The -d argument indicates the destination directory to which the preverified output classes
produced by this command are to be written. Finally, the trailing directory name, tmpclasses,
indicates the location from which to get the unverified class files that were produced from the
previous compilation step.
Running the above preverify command creates preverified .class files in the classes
directory, as you specified:
$ ls -l classes/
total 0
-rw-r--r-- 1 vartan None 922 HelloWorld.class
$
The preverify command is a class file preverification tool that is used as part of the class file
verification process. Class file verification in CLDC, as in J2SE, is the process of verifying the
validity of Java class files and rejecting invalid ones. Unlike the J2SE verification process,
however, class file verification in CLDC involves two-steps:
1. Phase 1— off-device preverification
2. Phase 2— in-device verification
The use of the preverify command that you just experienced represents the off-device
preverification phase—Phase 1—of this two-step verification process. In a real environment, this
first phase usually occurs on the server from which MIDP applications are downloaded to mobile
devices. Typically, the server performs this step before it makes an application available for
download.
The reason for this new verification process is that the conventional J2SE class file verifier
requires more memory and processing power than typical mobile devices can realistically supply.

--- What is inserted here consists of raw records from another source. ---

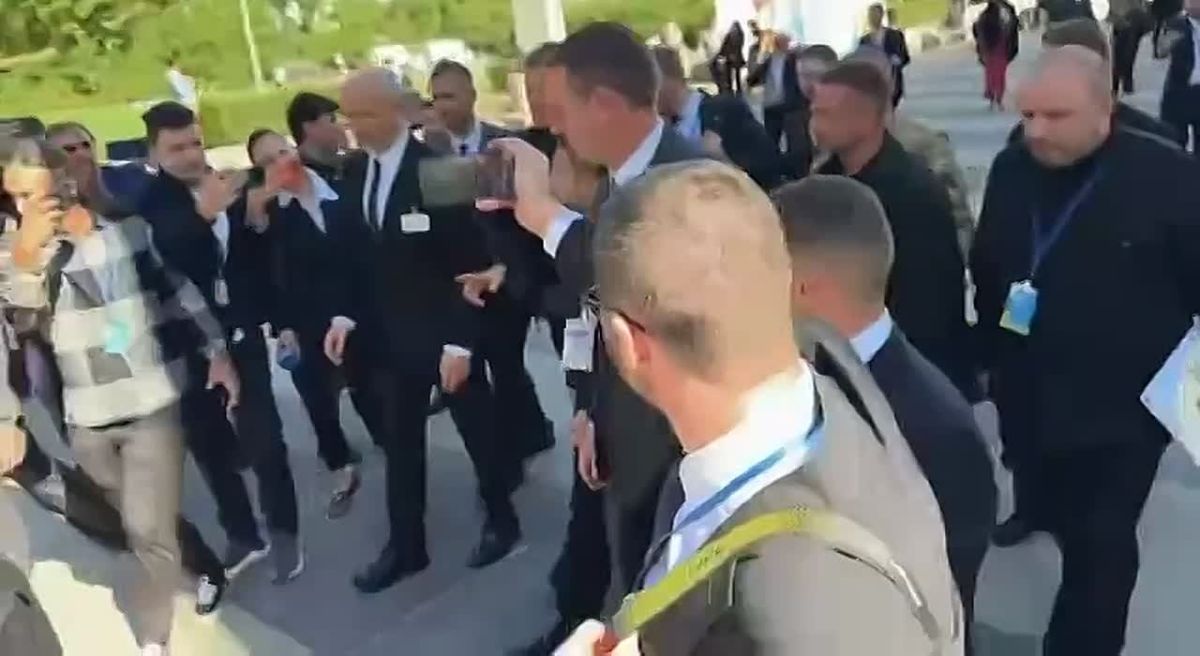 Олег Царёв: — Когда в Москву?. — На ракете, бл…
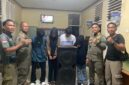 Dua pasang muda-mudi yang terjaring razia karaoke di Sutera saat diamankan petugas di Kantor Satpol PP dan Damkar Pesisir Selatan, Kamis (12/6/2025) malam.
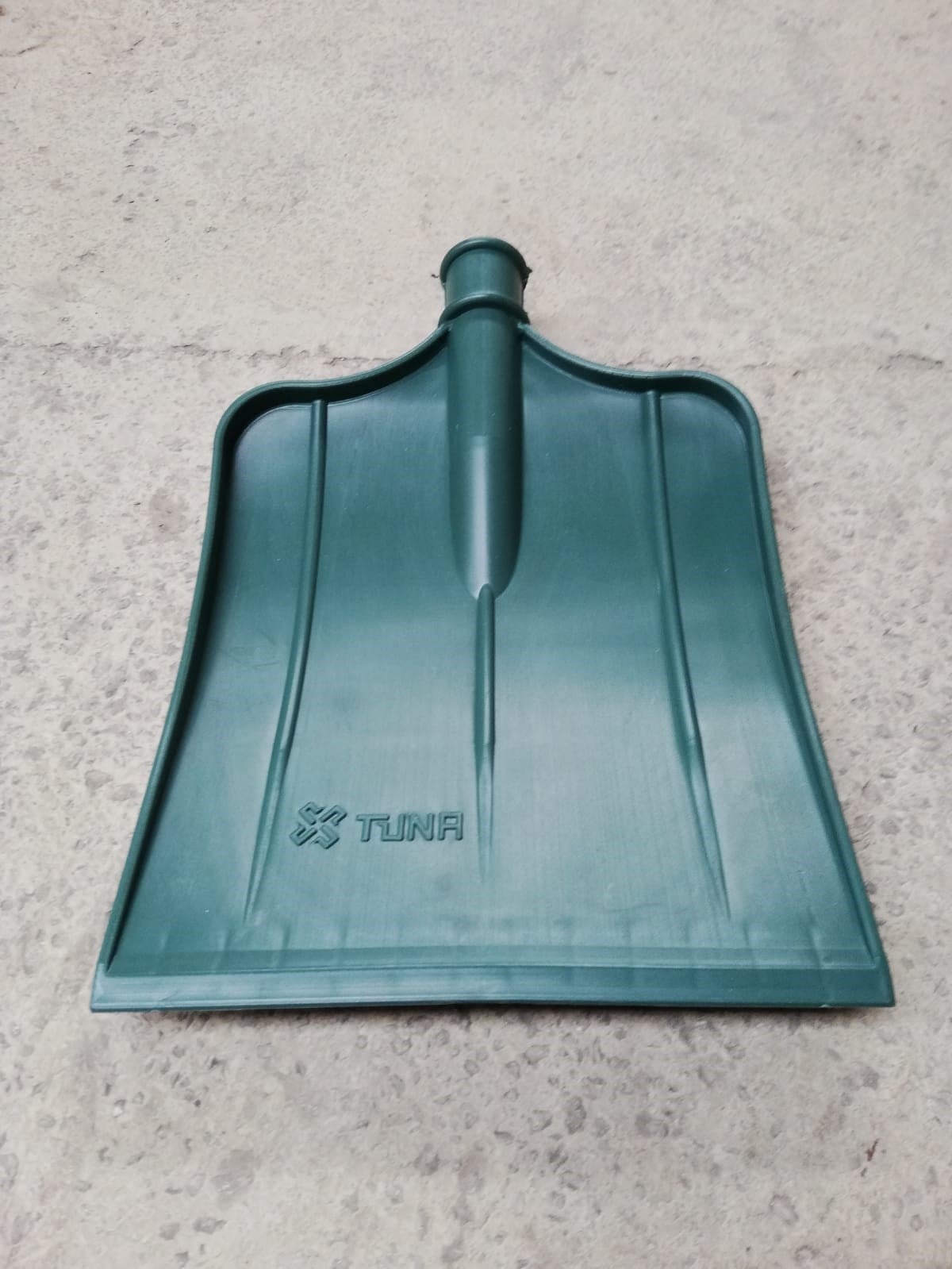 Plastik Kar Küreği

It uses about 50 KB of binary code space and 30 to 100 KB of dynamic RAM at runtime. The new
CLDC verifier requires much less RAM and is much more efficient. For typical class files, the
CLDC verifier uses only about 10 KB of code space and requires only 100 bytes of dynamic RAM
at runtime.
17
The new verifier can achieve these efficiency gains because of the new algorithm it uses. This new
algorithm, however, requires the presence of special attributes in each Java class file. The
preverifier writes these new attributes to each Java class file. The verifier then uses the attributes
generated by the preverifier. The new class files are about 5 percent larger than their unmodified
versions.
The preverifier performs two tasks:
• It makes all subroutine calls "inline," replacing each call to methods that contain the byte
codes jsr, jsr_w, ret, and wide ret with semantically equivalent code that doesn't
contain these instructions.
• It inserts stack map attributes into what is otherwise a normally formatted Java class file.
These new class files are still valid J2SE class files. That is, the new stack map attributes are
simply ignored by the J2SE verifier. The inclusion of stack map attributes has been implemented
with the extensible attribute mechanism, which is supported by the Java class file format defined
by the standard Java virtual machine. This means that CLDC class files are upwardly compatible
with the J2SE virtual machine.
The attributes that the preverifier writes to CLDC class files are called stack map attributes. Stack
map attributes are defined by a StackMap_attribute data structure. These attributes are
subattributes of the Code attribute defined and used by the conventional J2SE virtual machine.
The name stack map reflects the attribute's nature as a description of the type of a local variable or
operand stack item. The name is so chosen because these items always reside on the interpreter's
stack.
The Code_attribute type is another type defined by the standard virtual machine. It defines
the Code attribute used by the standard J2SE VM. For complete descriptions of these structures,
please refer to the Java Virtual Machine Specification, which is referenced in the References
section at the back of this book. The CLDC preverifier defines the following
Stackmap_attribute structure that defines the stack map derivative type as follows:
StackMap_attribute
{
u2 attribute_name_index;
u4 attribute_length;
u2 number_of_entries;
{
u2 byte_code_offset;
u2 number_of_locals;
ty types_of_locals[number_of_locals];
u2 number_of_stack_items;
ty types_of_stack_items[number_of_stack_items];
} entries [number_of_entries];
}
For further details about the definition and function of each of these fields, please refer to the
Connected, Limited Device Configuration Specification, which is also referenced in the
References section of this book.